• [Records for this task]:

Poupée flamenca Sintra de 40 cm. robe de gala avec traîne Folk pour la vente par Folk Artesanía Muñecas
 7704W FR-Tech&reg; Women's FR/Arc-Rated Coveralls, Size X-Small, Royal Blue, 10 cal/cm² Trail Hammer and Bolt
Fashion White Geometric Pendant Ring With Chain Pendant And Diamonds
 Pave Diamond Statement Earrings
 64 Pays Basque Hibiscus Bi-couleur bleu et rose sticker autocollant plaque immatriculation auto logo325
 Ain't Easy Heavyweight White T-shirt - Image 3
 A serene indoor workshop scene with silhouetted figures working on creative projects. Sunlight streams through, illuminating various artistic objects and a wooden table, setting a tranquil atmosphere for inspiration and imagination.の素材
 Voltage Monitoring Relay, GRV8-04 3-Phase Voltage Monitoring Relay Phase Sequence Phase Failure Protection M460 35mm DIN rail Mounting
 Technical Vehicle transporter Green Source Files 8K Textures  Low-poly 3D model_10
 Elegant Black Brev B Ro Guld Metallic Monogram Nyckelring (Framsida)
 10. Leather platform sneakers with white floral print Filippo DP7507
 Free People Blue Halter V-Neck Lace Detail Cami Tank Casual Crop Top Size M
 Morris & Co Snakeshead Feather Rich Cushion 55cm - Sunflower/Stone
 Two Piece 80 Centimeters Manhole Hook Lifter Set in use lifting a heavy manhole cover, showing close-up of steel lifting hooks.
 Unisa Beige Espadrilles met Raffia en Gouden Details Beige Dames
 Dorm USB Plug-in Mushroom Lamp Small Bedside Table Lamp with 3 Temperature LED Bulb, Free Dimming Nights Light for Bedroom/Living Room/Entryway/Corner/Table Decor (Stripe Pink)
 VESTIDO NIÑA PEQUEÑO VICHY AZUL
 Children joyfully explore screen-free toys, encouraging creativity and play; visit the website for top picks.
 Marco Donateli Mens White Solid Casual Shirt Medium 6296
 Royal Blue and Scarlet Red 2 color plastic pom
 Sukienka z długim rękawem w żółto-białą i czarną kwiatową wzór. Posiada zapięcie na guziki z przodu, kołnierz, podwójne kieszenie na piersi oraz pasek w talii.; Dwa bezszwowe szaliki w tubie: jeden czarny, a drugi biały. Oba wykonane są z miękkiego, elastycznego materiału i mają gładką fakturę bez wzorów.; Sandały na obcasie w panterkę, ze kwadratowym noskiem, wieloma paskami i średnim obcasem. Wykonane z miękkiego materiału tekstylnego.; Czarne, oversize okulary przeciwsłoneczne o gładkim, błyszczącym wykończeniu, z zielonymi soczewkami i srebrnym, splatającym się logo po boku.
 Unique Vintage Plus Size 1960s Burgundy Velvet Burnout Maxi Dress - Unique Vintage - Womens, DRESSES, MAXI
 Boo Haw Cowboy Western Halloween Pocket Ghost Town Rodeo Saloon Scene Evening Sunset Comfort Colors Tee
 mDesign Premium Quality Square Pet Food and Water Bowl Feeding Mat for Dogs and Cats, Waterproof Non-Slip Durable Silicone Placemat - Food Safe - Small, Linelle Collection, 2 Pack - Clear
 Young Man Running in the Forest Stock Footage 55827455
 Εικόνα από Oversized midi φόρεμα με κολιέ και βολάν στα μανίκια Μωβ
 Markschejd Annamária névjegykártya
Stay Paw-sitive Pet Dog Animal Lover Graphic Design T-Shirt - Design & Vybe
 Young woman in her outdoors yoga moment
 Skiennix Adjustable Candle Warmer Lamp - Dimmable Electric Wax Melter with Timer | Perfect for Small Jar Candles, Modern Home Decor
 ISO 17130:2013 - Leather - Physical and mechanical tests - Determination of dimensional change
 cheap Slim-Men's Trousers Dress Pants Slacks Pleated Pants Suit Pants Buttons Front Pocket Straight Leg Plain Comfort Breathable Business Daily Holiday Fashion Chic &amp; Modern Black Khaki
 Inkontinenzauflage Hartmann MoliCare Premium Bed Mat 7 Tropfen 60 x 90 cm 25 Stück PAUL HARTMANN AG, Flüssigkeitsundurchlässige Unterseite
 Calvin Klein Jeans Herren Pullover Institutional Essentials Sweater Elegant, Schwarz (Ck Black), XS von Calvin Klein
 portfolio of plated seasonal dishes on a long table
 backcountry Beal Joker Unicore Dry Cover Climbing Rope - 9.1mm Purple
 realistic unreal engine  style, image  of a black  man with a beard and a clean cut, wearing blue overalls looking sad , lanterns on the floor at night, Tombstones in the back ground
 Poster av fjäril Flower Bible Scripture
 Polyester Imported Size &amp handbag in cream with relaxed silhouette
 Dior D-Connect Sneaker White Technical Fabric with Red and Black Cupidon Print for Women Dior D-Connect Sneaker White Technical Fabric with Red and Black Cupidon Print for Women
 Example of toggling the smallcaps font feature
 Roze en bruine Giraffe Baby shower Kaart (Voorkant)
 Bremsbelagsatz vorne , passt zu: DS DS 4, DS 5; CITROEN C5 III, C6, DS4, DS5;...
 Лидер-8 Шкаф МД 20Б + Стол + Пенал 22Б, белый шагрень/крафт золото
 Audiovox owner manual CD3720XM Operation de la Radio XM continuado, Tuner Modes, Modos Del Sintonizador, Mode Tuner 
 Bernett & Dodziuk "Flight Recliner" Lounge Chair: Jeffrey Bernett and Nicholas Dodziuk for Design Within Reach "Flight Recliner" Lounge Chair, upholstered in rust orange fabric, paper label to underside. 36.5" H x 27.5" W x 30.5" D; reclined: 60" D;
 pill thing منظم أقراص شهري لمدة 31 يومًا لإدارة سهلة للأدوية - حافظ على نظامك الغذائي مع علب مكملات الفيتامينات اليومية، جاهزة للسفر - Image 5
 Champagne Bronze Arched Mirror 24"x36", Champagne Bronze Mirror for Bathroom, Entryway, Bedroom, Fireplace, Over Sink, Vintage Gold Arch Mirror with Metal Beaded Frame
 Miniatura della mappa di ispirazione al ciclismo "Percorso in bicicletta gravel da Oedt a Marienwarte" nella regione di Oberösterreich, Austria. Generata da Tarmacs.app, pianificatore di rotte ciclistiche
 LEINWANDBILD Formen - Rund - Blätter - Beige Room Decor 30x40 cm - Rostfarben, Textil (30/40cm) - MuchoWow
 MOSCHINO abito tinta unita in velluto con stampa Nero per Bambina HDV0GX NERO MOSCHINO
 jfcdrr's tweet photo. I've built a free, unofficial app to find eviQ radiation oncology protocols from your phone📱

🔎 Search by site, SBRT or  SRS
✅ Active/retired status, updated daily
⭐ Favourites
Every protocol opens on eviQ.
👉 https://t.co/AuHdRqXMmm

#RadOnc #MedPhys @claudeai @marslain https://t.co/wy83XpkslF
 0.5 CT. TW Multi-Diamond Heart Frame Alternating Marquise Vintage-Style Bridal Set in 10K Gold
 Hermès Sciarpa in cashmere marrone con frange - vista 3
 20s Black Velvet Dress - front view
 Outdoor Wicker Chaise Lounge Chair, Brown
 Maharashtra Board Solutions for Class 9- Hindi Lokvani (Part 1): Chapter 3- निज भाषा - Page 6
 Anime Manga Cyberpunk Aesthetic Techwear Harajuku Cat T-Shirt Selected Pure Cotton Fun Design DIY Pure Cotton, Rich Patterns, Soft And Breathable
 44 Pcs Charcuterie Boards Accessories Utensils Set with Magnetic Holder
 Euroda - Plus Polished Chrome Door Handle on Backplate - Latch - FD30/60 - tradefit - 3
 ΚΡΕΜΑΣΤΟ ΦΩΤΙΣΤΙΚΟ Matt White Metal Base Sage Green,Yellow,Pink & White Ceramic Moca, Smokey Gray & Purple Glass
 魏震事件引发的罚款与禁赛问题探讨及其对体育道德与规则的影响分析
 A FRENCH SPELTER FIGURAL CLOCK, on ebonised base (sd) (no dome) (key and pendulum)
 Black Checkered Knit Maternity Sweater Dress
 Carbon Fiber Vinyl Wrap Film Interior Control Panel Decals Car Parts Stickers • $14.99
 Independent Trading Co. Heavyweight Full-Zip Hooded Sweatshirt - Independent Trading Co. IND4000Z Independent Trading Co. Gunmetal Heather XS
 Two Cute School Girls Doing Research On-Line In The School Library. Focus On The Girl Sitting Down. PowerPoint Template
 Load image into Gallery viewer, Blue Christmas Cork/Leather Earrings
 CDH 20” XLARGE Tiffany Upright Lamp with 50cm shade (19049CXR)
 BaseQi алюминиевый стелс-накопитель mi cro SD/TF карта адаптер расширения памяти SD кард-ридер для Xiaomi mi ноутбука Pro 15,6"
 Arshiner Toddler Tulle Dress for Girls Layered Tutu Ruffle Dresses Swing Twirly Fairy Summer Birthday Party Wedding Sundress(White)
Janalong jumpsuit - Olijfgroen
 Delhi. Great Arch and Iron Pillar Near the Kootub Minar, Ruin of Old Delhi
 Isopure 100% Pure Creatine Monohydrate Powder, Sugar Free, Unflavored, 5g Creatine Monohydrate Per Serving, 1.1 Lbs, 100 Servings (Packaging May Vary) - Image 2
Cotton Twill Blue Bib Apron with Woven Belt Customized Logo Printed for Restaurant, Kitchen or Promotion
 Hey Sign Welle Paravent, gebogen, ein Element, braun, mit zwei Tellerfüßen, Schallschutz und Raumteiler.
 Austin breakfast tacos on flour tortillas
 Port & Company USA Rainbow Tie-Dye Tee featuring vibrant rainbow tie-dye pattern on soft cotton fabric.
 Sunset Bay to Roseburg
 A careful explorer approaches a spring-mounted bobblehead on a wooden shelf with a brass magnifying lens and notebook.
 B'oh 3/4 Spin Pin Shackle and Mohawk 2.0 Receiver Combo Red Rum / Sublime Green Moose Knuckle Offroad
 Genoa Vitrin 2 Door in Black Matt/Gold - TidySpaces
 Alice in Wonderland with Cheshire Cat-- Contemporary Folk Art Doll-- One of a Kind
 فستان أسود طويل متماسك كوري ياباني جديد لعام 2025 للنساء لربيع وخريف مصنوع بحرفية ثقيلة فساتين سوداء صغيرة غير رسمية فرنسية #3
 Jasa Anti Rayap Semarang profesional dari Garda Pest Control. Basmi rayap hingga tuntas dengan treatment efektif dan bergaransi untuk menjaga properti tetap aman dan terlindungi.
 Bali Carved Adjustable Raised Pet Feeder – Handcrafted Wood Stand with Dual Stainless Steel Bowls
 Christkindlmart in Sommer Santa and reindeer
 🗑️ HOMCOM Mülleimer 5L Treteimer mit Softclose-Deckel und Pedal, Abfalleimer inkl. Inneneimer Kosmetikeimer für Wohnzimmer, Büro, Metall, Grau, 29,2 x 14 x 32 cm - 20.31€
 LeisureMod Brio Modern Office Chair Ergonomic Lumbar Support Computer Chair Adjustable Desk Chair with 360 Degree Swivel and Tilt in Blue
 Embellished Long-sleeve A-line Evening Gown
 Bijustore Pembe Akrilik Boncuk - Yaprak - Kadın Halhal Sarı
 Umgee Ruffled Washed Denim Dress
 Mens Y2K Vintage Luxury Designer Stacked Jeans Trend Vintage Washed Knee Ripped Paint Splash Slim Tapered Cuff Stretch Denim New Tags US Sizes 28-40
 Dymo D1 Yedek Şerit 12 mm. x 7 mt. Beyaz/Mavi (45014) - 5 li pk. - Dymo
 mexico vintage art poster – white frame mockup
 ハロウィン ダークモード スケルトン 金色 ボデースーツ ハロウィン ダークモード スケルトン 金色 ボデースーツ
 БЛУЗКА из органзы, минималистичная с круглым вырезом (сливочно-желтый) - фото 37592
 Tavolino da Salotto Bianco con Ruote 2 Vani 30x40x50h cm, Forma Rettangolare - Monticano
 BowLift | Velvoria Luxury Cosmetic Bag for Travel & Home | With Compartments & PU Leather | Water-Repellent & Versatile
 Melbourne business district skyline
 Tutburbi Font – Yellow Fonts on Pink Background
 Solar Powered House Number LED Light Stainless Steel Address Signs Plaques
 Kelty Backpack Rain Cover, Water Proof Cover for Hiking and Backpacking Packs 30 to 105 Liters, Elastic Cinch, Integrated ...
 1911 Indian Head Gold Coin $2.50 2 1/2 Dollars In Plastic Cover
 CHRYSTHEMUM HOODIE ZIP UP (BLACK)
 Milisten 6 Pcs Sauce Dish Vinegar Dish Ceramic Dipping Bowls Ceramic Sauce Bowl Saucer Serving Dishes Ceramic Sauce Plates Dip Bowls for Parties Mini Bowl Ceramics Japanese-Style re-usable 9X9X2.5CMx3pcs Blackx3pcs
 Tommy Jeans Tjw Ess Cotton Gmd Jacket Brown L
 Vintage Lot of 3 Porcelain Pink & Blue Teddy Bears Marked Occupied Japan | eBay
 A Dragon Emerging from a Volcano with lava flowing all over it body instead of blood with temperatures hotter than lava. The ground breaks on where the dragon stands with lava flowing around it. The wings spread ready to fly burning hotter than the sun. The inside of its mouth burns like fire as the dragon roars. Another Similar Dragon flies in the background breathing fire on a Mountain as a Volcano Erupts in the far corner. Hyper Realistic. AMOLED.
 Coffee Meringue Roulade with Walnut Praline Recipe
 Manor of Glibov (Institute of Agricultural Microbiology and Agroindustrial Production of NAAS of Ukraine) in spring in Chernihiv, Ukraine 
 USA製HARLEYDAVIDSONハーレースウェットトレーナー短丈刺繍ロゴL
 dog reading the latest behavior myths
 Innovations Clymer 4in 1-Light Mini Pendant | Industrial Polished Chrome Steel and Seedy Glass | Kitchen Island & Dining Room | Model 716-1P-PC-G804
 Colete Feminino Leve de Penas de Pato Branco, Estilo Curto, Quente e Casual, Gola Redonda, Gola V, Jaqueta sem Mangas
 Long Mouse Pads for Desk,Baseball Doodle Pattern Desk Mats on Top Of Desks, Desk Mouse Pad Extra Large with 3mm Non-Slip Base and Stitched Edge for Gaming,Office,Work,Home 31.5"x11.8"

• [What you have to do]:
From the records above, print only the lines between the one holding "Port & Company" and the one holding "Umgee Ruffled Washed Denim Dress", inclusive, exactly as they stand.

• [Written answer]:
 Port & Company USA Rainbow Tie-Dye Tee featuring vibrant rainbow tie-dye pattern on soft cotton fabric.
 Sunset Bay to Roseburg
 A careful explorer approaches a spring-mounted bobblehead on a wooden shelf with a brass magnifying lens and notebook.
 B'oh 3/4 Spin Pin Shackle and Mohawk 2.0 Receiver Combo Red Rum / Sublime Green Moose Knuckle Offroad
 Genoa Vitrin 2 Door in Black Matt/Gold - TidySpaces
 Alice in Wonderland with Cheshire Cat-- Contemporary Folk Art Doll-- One of a Kind
 فستان أسود طويل متماسك كوري ياباني جديد لعام 2025 للنساء لربيع وخريف مصنوع بحرفية ثقيلة فساتين سوداء صغيرة غير رسمية فرنسية #3
 Jasa Anti Rayap Semarang profesional dari Garda Pest Control. Basmi rayap hingga tuntas dengan treatment efektif dan bergaransi untuk menjaga properti tetap aman dan terlindungi.
 Bali Carved Adjustable Raised Pet Feeder – Handcrafted Wood Stand with Dual Stainless Steel Bowls
 Christkindlmart in Sommer Santa and reindeer
 🗑️ HOMCOM Mülleimer 5L Treteimer mit Softclose-Deckel und Pedal, Abfalleimer inkl. Inneneimer Kosmetikeimer für Wohnzimmer, Büro, Metall, Grau, 29,2 x 14 x 32 cm - 20.31€
 LeisureMod Brio Modern Office Chair Ergonomic Lumbar Support Computer Chair Adjustable Desk Chair with 360 Degree Swivel and Tilt in Blue
 Embellished Long-sleeve A-line Evening Gown
 Bijustore Pembe Akrilik Boncuk - Yaprak - Kadın Halhal Sarı
 Umgee Ruffled Washed Denim Dress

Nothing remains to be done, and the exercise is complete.